FanSnap was acquired by NexTag in December 2011.

FanSnap was then acquired from Nextag/Wize Commerce by rival ticket search engine SeatGeek in November 2013 for an undisclosed sum. As part of the acquisition, the main FanSnap ticket search engine was discontinued and rolled into SeatGeek's existing ticket search offerings.

==Technology and functioning==
Initially launched as a ticket search engine, SeatGeek has grown from an aggregator to a primary ticket seller, instituting a platform that allows artists, sports teams, and others to sell tickets directly through the site. Tickets are sorted using the company's DealScore algorithm which finds the combination of best available price and seat location for a particular event. Historically, SeatGeek provided price forecast information in a similar manner to Farecast, an airline ticket aggregation and forecasting site purchased by Microsoft in 2008. SeatGeek has seen success in the mobile space, adopting Apple Pay to provide seamless purchase and payment.
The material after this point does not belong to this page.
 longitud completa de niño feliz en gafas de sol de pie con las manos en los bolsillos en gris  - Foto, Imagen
SeatGeek's app offers customizable widgets and integrations with Lyft, Snapchat and other services through its proprietary platform called Rally. Features on Rally include an integration where fans can order mobile food and beverage from their seats, rideshares on Lyft, as well as see venue guides and weather reports before the event.
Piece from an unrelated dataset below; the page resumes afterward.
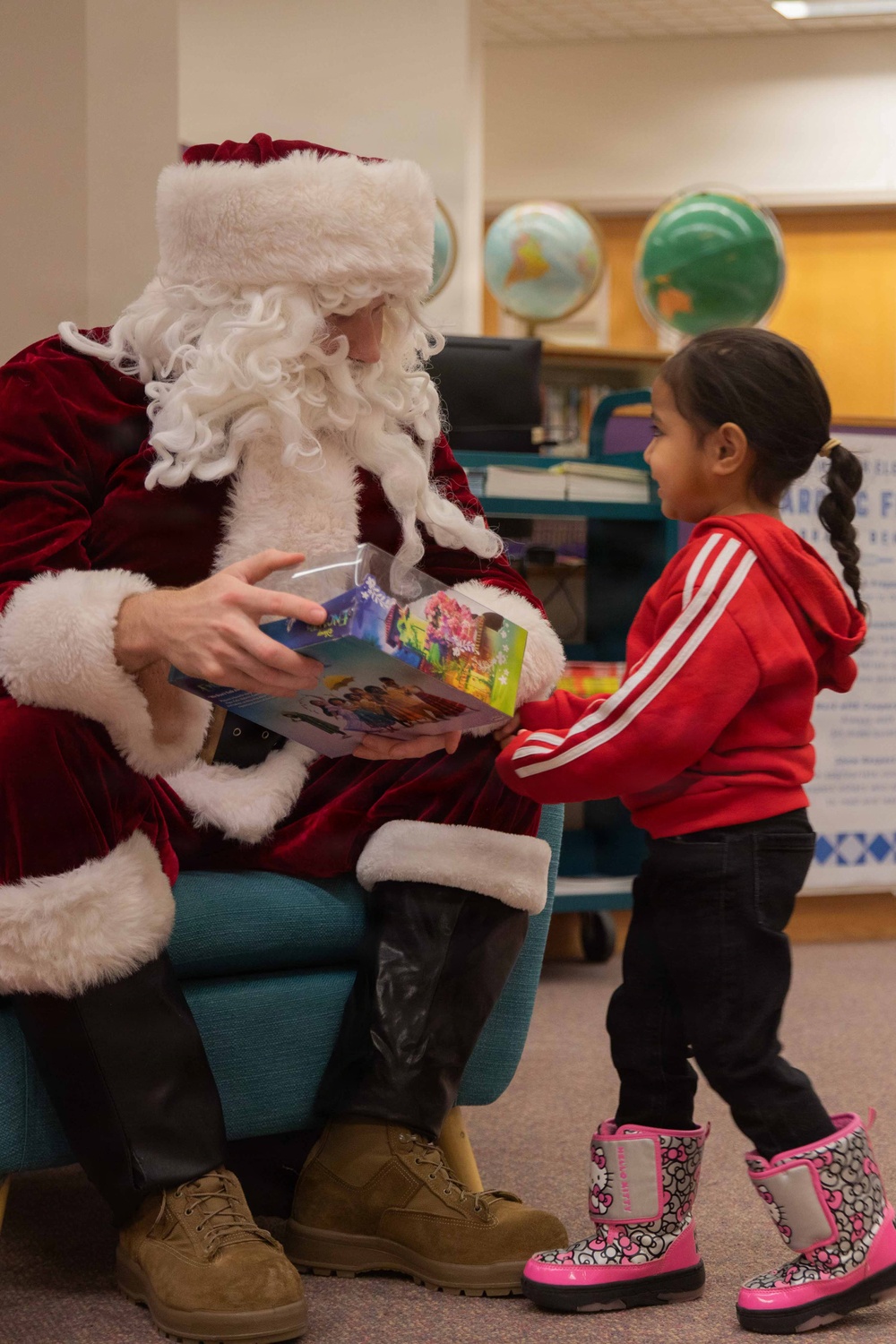 Santa spreads Toys for Tots cheer to students at Fred Ipalook Elementary School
==Awards and recognition==
- PC Magazine's "The Top 100 Web Sites of 2010".
- Founders Russell D'Souza and Jack Groetzinger were named in Bloomberg BusinessWeek's "America's Best Young Entrepreneurs 2010."
- Founders Jack Groetzinger and Russ D'Souza named to Business Insider's "The Silicon Alley 100: New York's Coolest Tech People In 2010"
- SeatGeek was named one of Fast Company's Most Innovative Companies for Live Events in 2018, 2019, and 2022.
- In 2019, SeatGeek was honored in the Crain's New York Business Fast 50, though it declined to disclose whether or not it was profitable.
- In 2020, SeatGeek was named one of the "hottest brands in influencer marketing" by Insider.com.
- SeatGeek Enterprise's Danielle Du Toit was named a 2020 GameChanger by Sports Business Journal in August 2020.